Cinefórum CCCXLVII: «Adiós, muchachos»
Clandestinidad, exilio y año de producción unen la película de la semana pasada, El festín de Babette, con la cinta que ocupa esta nueva edición del cinefórum de LaSoga: Adiós, muchachos (Louis Malle, 1987).
Mientras que Gabriel Axel nos mostraba la historia de una experta cocinera que huye de la represión de la Comuna de París para ir a refugiarse en una remota y austera aldea danesa, Louis Malle nos cuenta en Adiós, muchachos la vivencia de Julian, un adolescente parisino que en tiempos de la ocupación nazi estudia en un internado rural al que llega un nuevo y misterioso alumno, Bonnet.
La relación entre ambos jóvenes es el hilo conductor de este relato sutil y naturalista que nos lleva de forma tranquila y sin alardes pasionales a una historia de profunda carga dramática. Una carga pesada por los secretos que albergan todos los que habitan el internado: desde las vergüenzas aparentemente más banales y naturales como las incontinencias nocturnas de Julian, a las verdadera identidad de Bonnet, pasando por las inquietudes y miradas furtivas de todos los que les rodean.
En ese proceso de mutuo conocimiento y descubrimiento, Malle nos lleva, sobre todo a través de la mirada de Julian, a esa etapa de la primera adolescencia en que nos adentramos en el complejo y esquizofrénico mundo de los adultos. Julian, magníficamente representado por Gaspard Manesse, ágil y pícaro, mira también con atención y curiosidad aquello que aún se le escapa y para lo que no tiene respuesta. Impetuoso y duro al principio con su compañero Bonnet (Raphael Fetjo), va poco a poco deshaciendo las barreras que los separan hasta fraguar una amistad sincera y compasiva.

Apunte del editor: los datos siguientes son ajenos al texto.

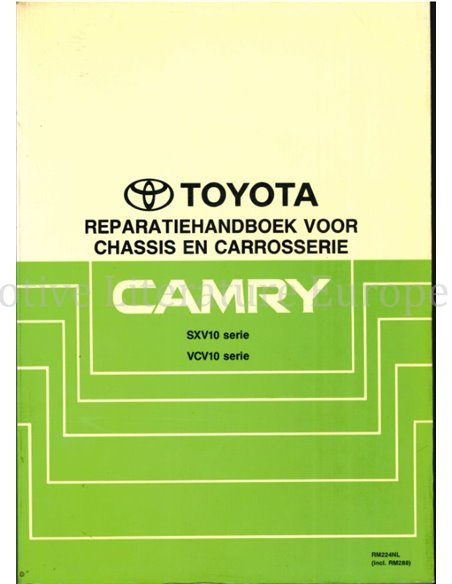 1992 TOYOTA CAMRY FAHRWERK & KAROSSERIE WERKSTATTHANDBUCH NIEDERLÄNDISCH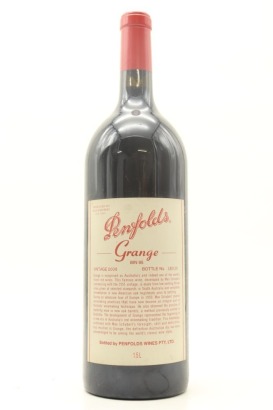 (1) 2008 Penfolds Grange Bin 95, South Australia, 1500ml [JR19] [RP100] [WE98] [WS100] [BC96]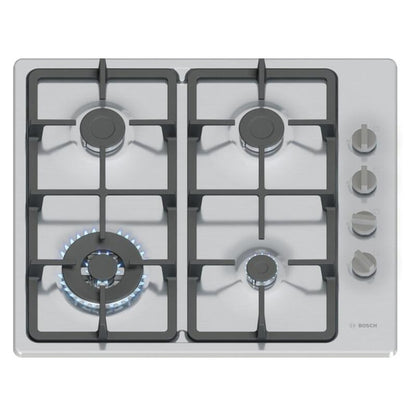 Bosch 60cm 4 Burner Gas Cooktop - Stainless Steel (Series 2)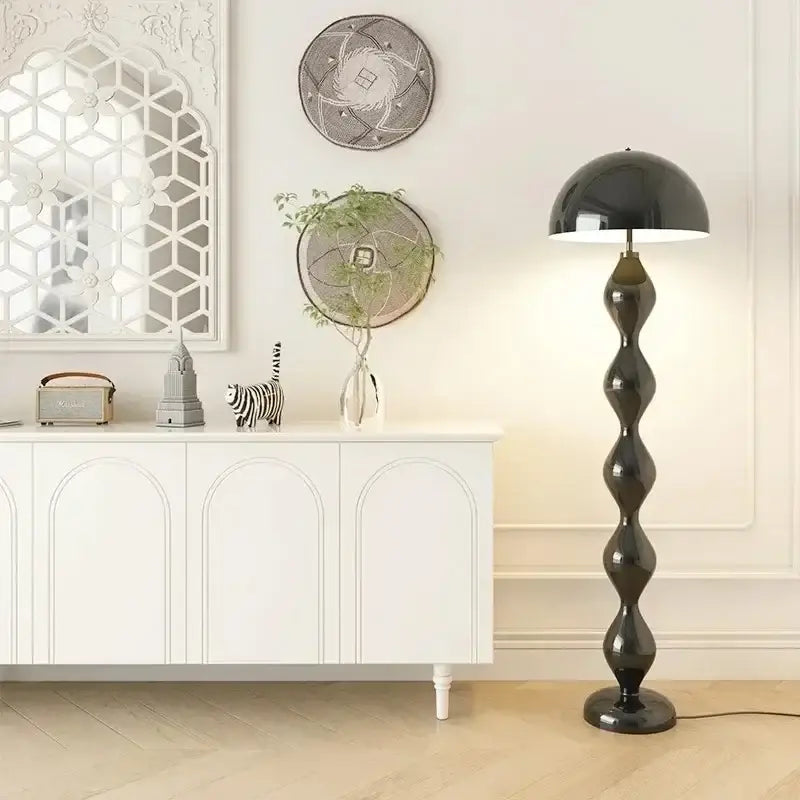 Green wavy circle mushroom floor lamp living room lighting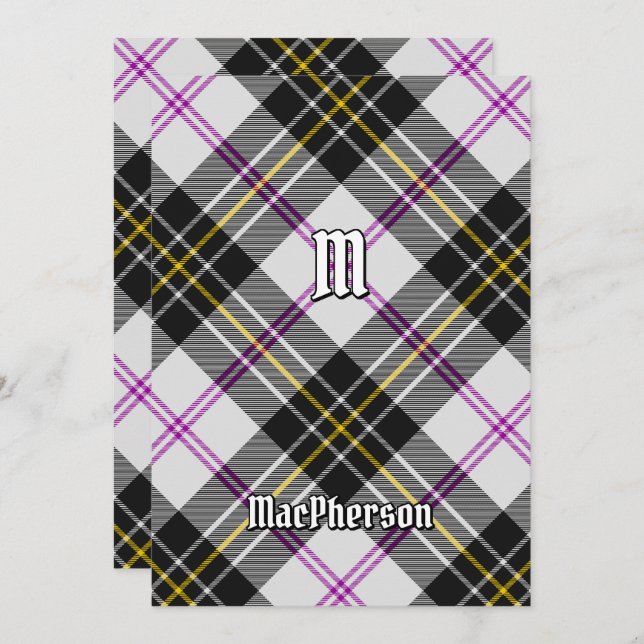 Clan MacPherson Dress Tartan Invitation (Front/Back)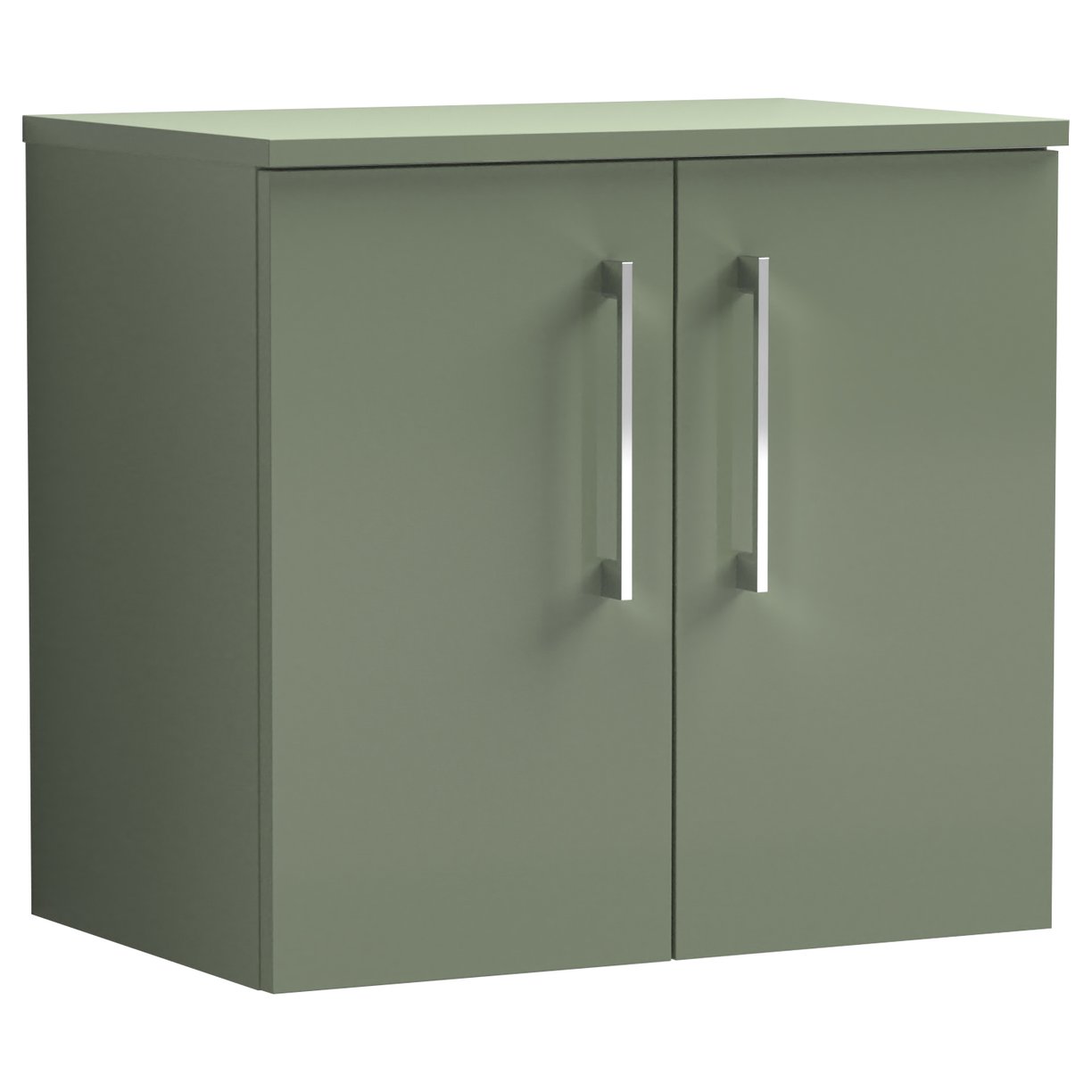 Arno 600mm Wall Hung 2-Door Vanity Unit & Worktop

Una de las virtudes por las que esta película queda marcada en el espectador, al menos en mi caso, es porque en su aparente sencillez, consigue retrotraernos a esas infancias preadolescentes plagadas de vivencias, incertidumbres, juegos, y amistades que perduran en la memoria aunque se hayan apagado hace tiempo. Quizá porque en un internado, como en un campamento de verano, ese aislamiento parcial del mundo exterior hace que todo se viva de una forma más intensa. Es a esos campamentos a los que me recordaban los juegos del patio de Julian: las búsquedas del tesoro en medio del bosque, los dormitorios compartidos sin intimidad, los minúsculos armarios para las propias pertenencias, el estraperlo de inocentes mercancías…
Sin embargo, Julian y Bonnet se verán enfrentados a juegos que no son los propios de su edad y las circunstancias propias de la guerra y el odio devastarán la poca inocencia que pudiesen albergar.
Esa mirada cargada de bondad y sencillez con que Malle aborda un relato tan atroz, provoca que una película tan aparentemente modesta tenga un calado que la hará pervivir en nuestra memoria… como la figura de Bonnet en la de Julian.